L'arma del voto anticipato è nelle mani del Capo dello Stato e Renzi si guarda bene dall'evocare direttamente la fine anticipata della legislatura. Anzi, non perde occasione per ricordare che il traguardo del governo è il 2018, anche se poi aggiunge che «noi non siamo al governo per scaldare la sedia». Le emergenze indicate da Renzi compongono per buona parte l'agenda che il presidente della Repubblica indicò, ponendola come «condizione», al momento dell'accettazione del secondo settennato. Più volte Napolitano è tornato su questi argomenti, ed è prevedibile che interverrà di nuovo a breve proprio su uno dei cardini sui quali le forze politiche si erano impegnati: le riforme istituzionali e la legge elettorale. Il fatto che Renzi abbia avuto sin dal primo momento Napolitano dalla sua nella battaglia contro l'austerity europea, come nella necessità di riformare il Paese anche nelle sue istituzioni, sottrae alla sinistra del Pd una sponda alla quale rivolgersi per i troppi voti di fiducia, come per le nomine decise in Europa e non solo.

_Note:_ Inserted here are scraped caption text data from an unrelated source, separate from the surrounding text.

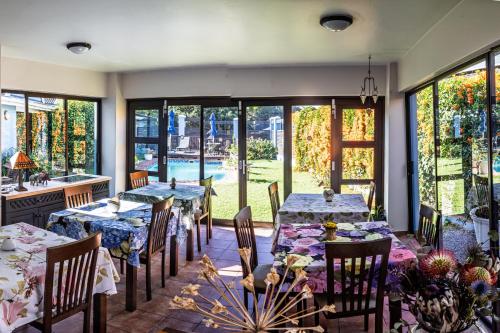 Instalaciones, Sheilan House in Puero Alfred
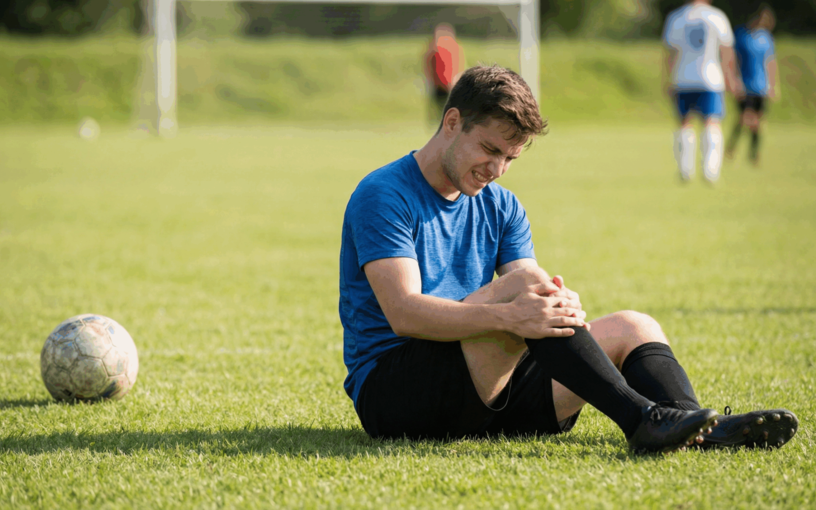 Rupture du ligament croisé antérieur lors d’un match de football avec douleur aiguë au genou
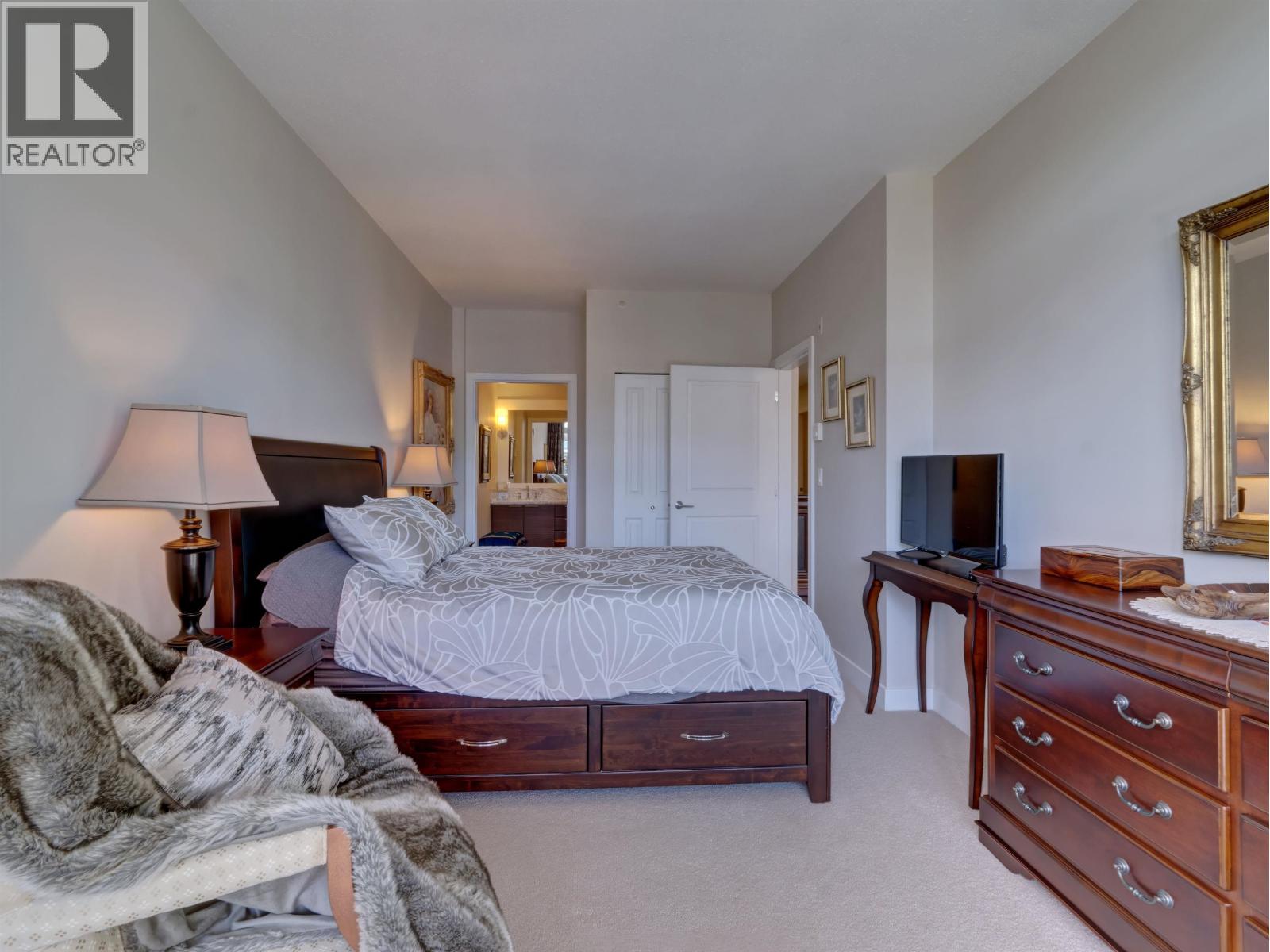 405 5725 TEREDO STREET, Sechelt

La costanza dei rapporti fra i due è ormai evidente. Così come anche una sorta di “travaso” degli argomenti usati contro l'Ue delle burocrazie e degli zero virgola. Da un lato il capitale politico di consensi raccolto da Renzi, che non sembra diminuire malgrado l'azione di governo. Dall'altro l'esperienza e l'autorevolezza del capo dello Stato per essere stato per lungo tempo l'unico punto di riferimento in un'Italia sull'orlo della bancarotta. L'energia dell'uno con la solida reputazione internazionale dell'altro hanno permesso il via libera alla legge di stabilità. E così sarà ancora sul Jobs act e su tutte le riforme. Sino al varo di quella decisiva dopo la quale la missione del secondo settennato può dirsi conclusa: la riforma istituzionale ed elettorale. Lasciare senza aver concluso la transizione sarebbe una sconfitta per tutti, ma a quel punto Renzi, con la sponda del Quirinale, avrebbe gioco facile nel mettere all'indice i responsabili per poi escluderli del tutto dalle liste e dal Parlamento.